(What to work on):
The records are to be copied from the line that contains "vidaXL Zestaw Szafek" through their last line, word for word, with every picture left out.

(Data supplied):
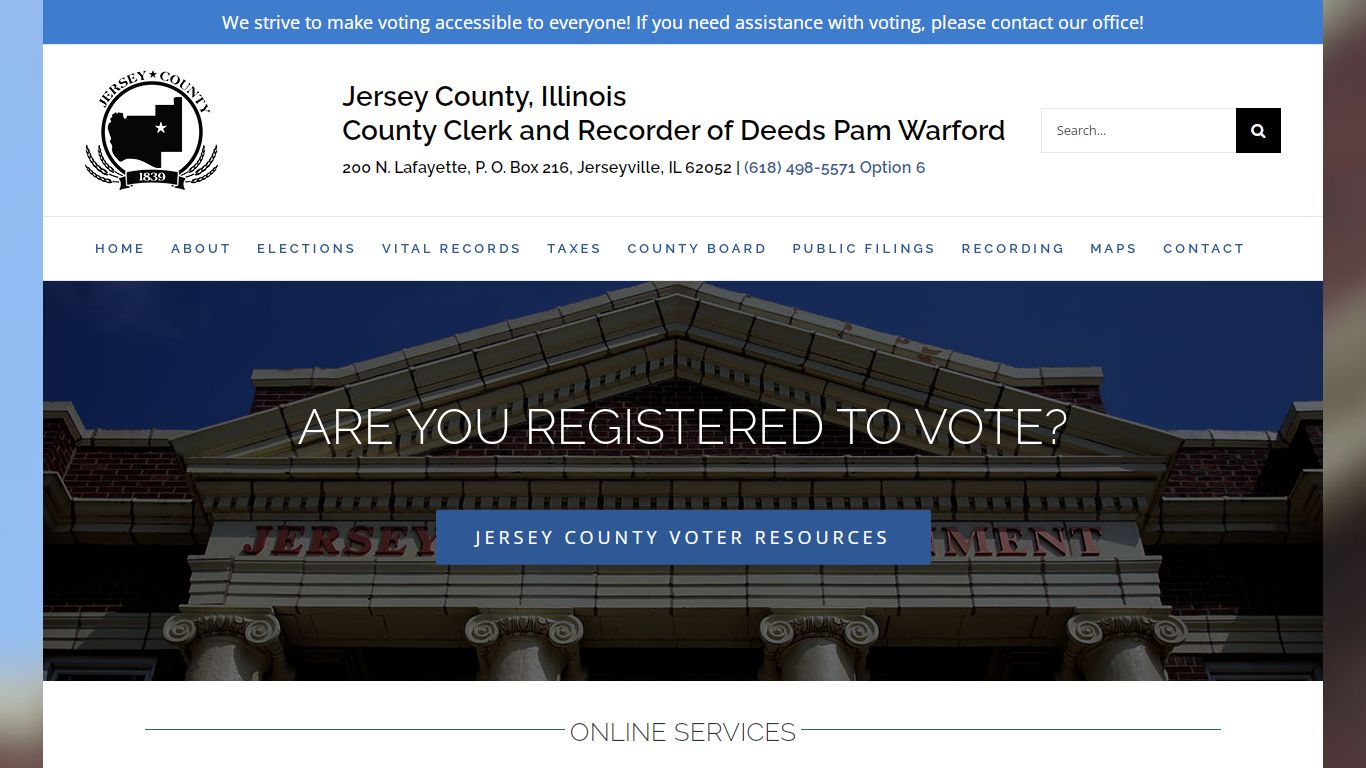 JERSEY COUNTY CLERK AND RECORDER OF DEEDS | 618 498 5571 Opt 6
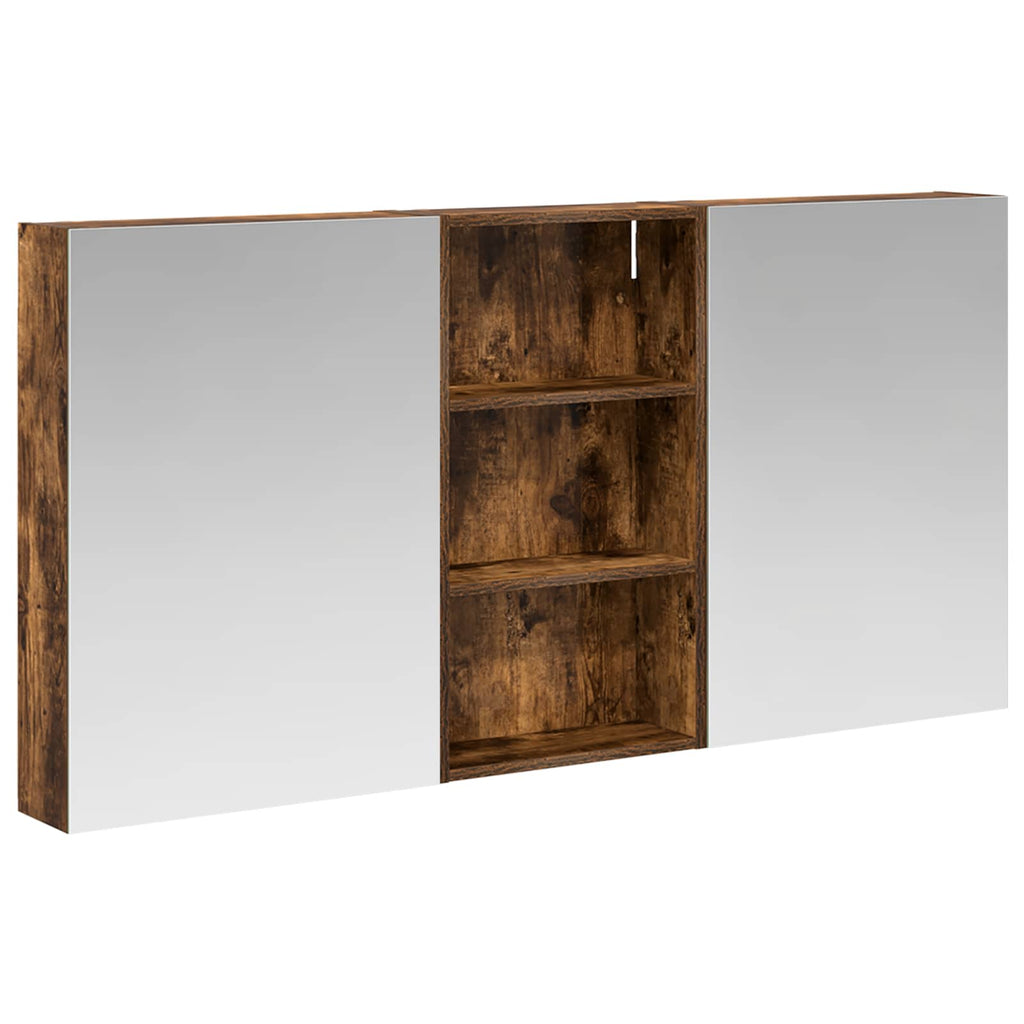 vidaXL Zestaw Szafek Łazienkowych z półką 3 pcs 140 x 14,5 x 70 cm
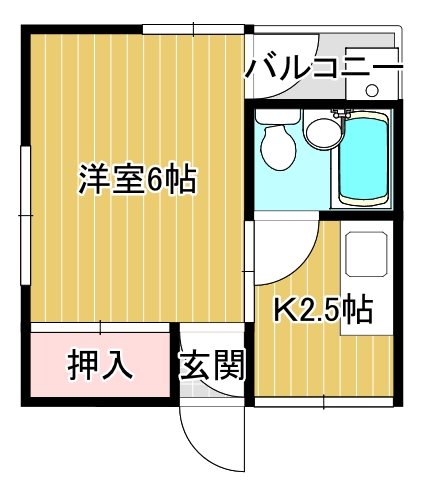 田中ビル 501号室 間取り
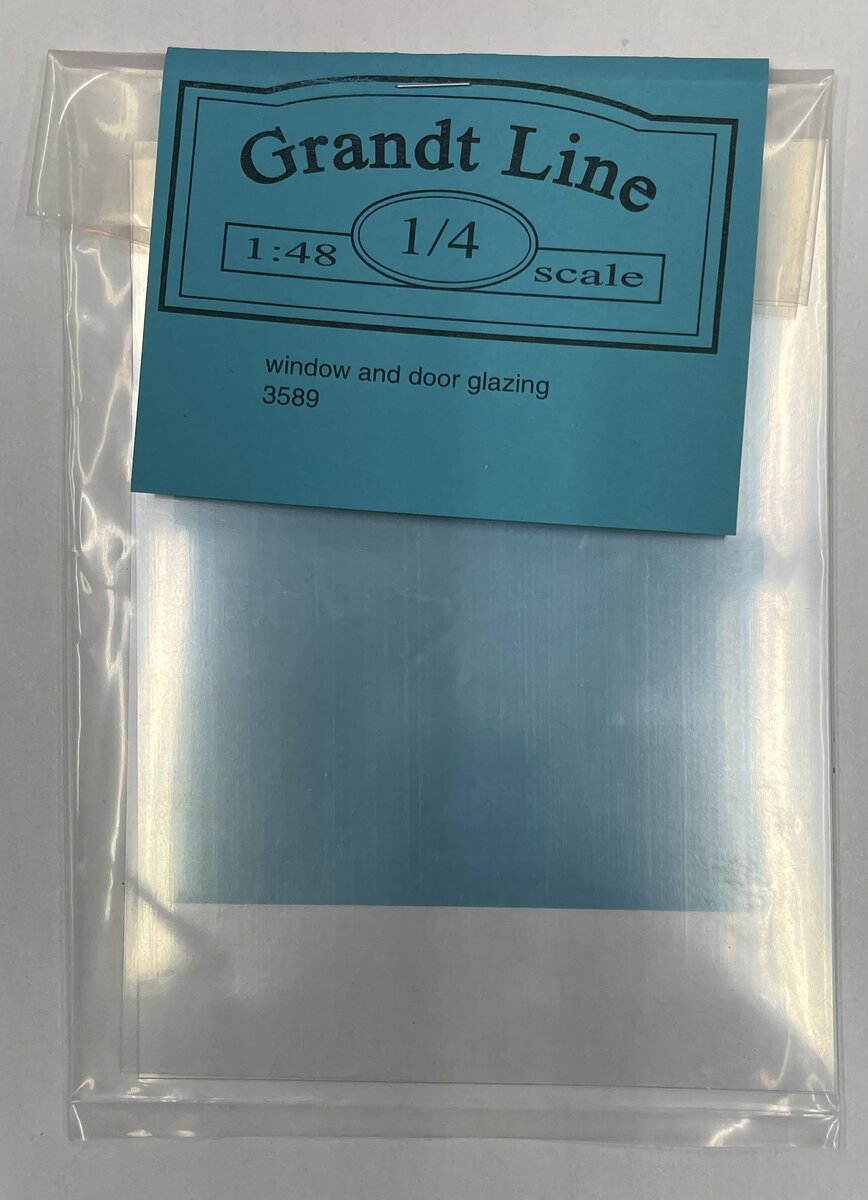 Grandt Line 3589 1:48 Scale Clear Window and Door Glazing
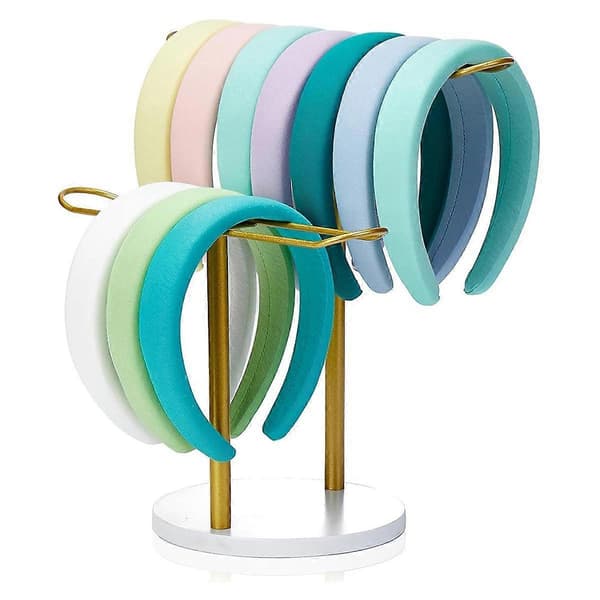 2-lags Hårbøyleholder Organizer, Hårbøyledisplaystativ Hårbøyle Organizer Oppbevaring Hårtau Tilbehør Armbånd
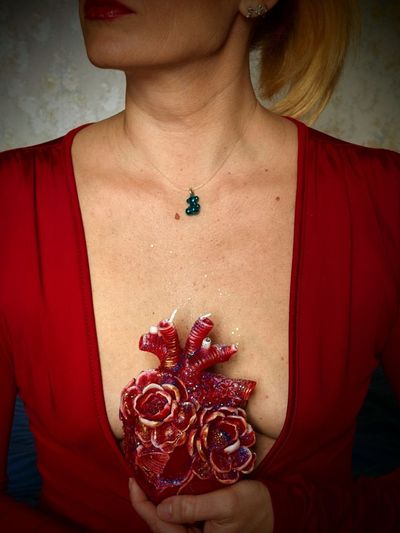 Сердце - свеча 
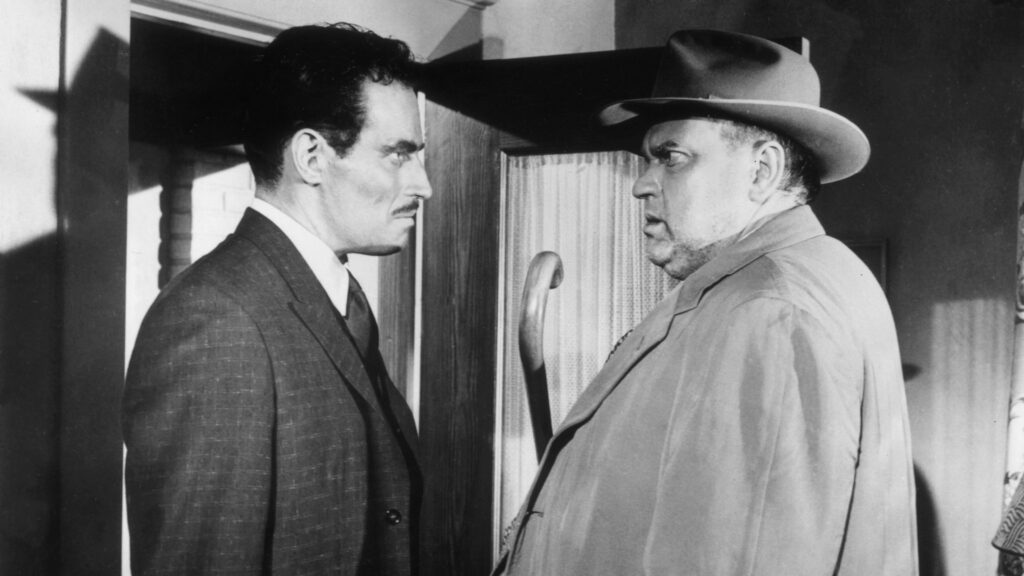 The Movie Alphabet A-Z: Film Noir Edition - Charlton Heston and Orson Welles in Touch of Evil (1958)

(Written solution):
 vidaXL Zestaw Szafek Łazienkowych z półką 3 pcs 140 x 14,5 x 70 cm
 田中ビル 501号室 間取り
 Grandt Line 3589 1:48 Scale Clear Window and Door Glazing
 2-lags Hårbøyleholder Organizer, Hårbøyledisplaystativ Hårbøyle Organizer Oppbevaring Hårtau Tilbehør Armbånd
 Сердце - свеча 
 The Movie Alphabet A-Z: Film Noir Edition - Charlton Heston and Orson Welles in Touch of Evil (1958)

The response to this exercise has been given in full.